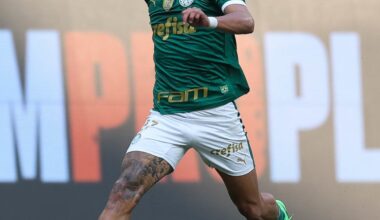 [Antena2RCN] In the last hours,  PSG has decided to submit a 20m offer for Richard Rios. The club reported that Rios would arrive in Paris at the end of the year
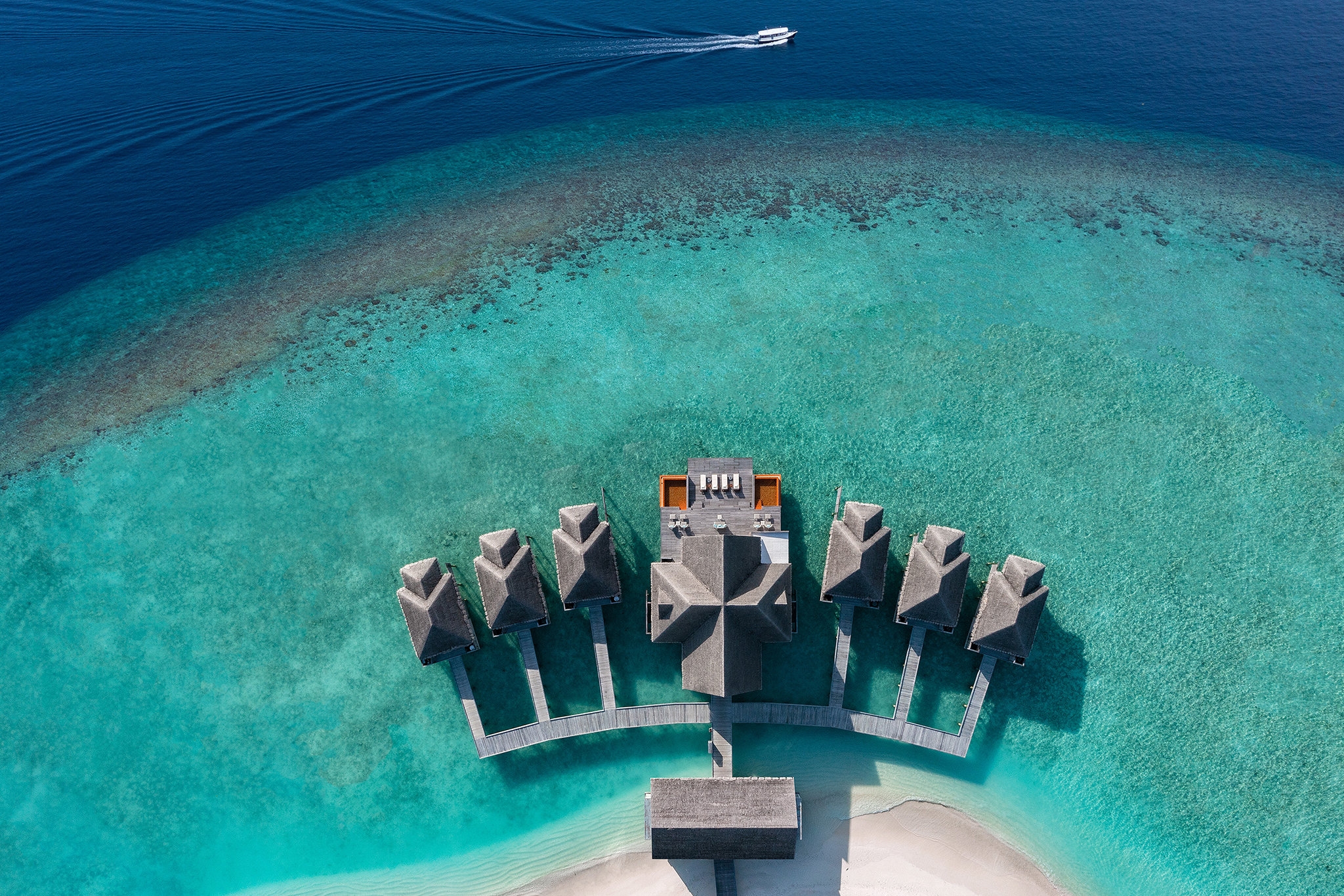 Anantara Kihavah - Anantara Spa aerial view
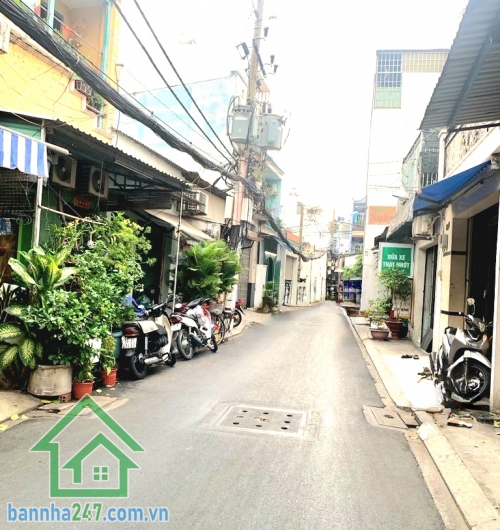 CHỈ 3,4 TỶ – GẦN ĐẦM SEN – HXH THÔNG – NHÀ 3PN – CÁCH HẺM NHỰA XE TẢI CHỈ 10M - 3PN - 2WC Vị trí đẹp trung tâm Tân Phú – gần Đầm Sen – khu dân cư hiện hữu, tiện ích đầy đủ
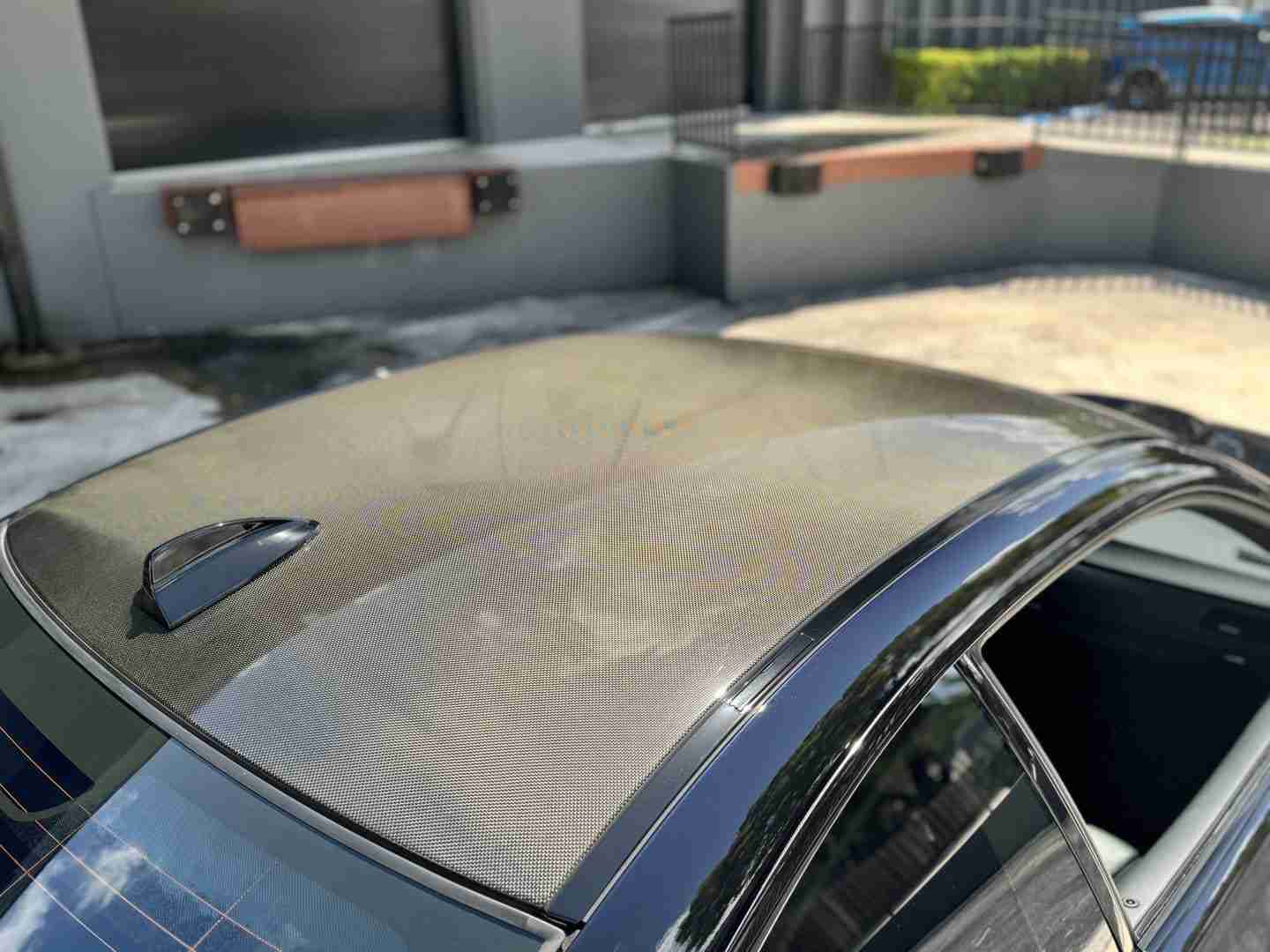 2009 BMW M3 E92 Coupe 6 Speed Manual – Carbon fiber roof – Meistershaft Exhaust – Alcantara Bits full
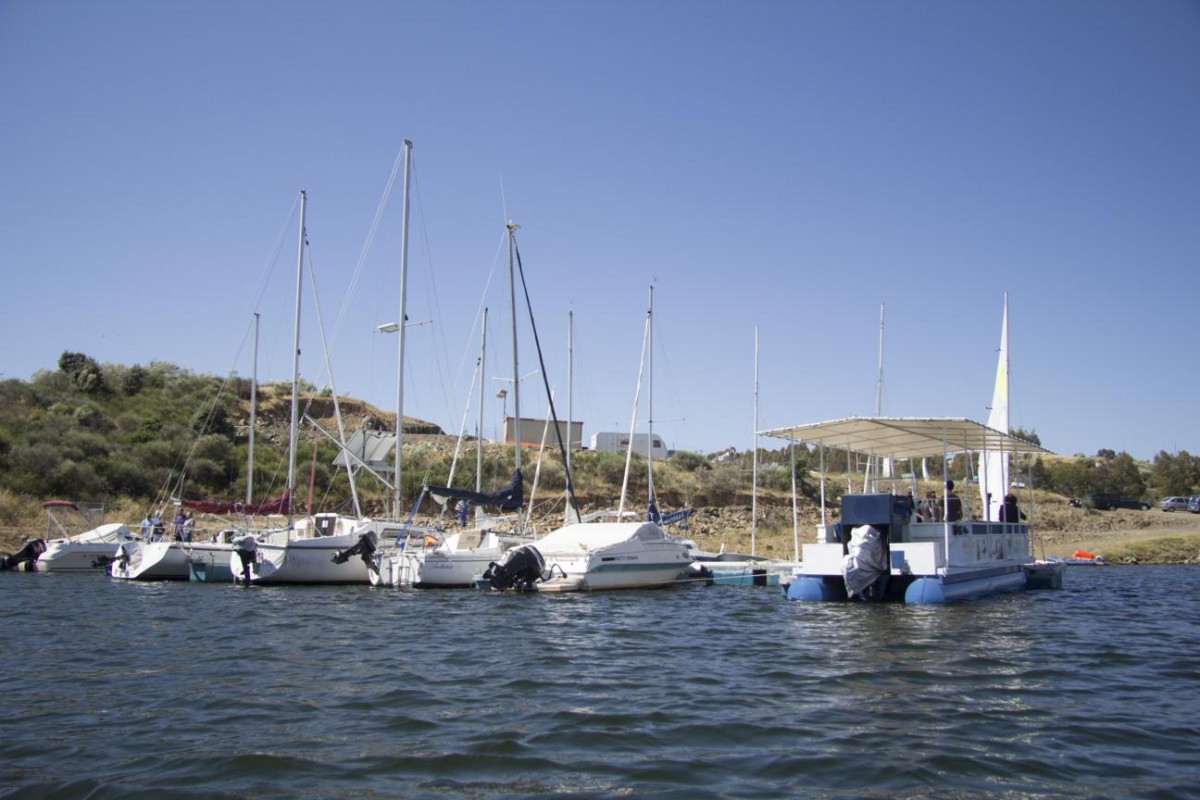 092 093.  Pantalán con barcos amarrados en Alcántara. foto Turismo Alcántara 1296x864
_ _ _ _
> **REQUIRED ACTION**: In the entries above, find the line containing "CHỈ 3,4 TỶ –", then please retype it and every line after it through the last, exactly as written, omitting pictures.

> **WRITTEN SOLUTION**:
 CHỈ 3,4 TỶ – GẦN ĐẦM SEN – HXH THÔNG – NHÀ 3PN – CÁCH HẺM NHỰA XE TẢI CHỈ 10M - 3PN - 2WC Vị trí đẹp trung tâm Tân Phú – gần Đầm Sen – khu dân cư hiện hữu, tiện ích đầy đủ
 2009 BMW M3 E92 Coupe 6 Speed Manual – Carbon fiber roof – Meistershaft Exhaust – Alcantara Bits full
 092 093.  Pantalán con barcos amarrados en Alcántara. foto Turismo Alcántara 1296x864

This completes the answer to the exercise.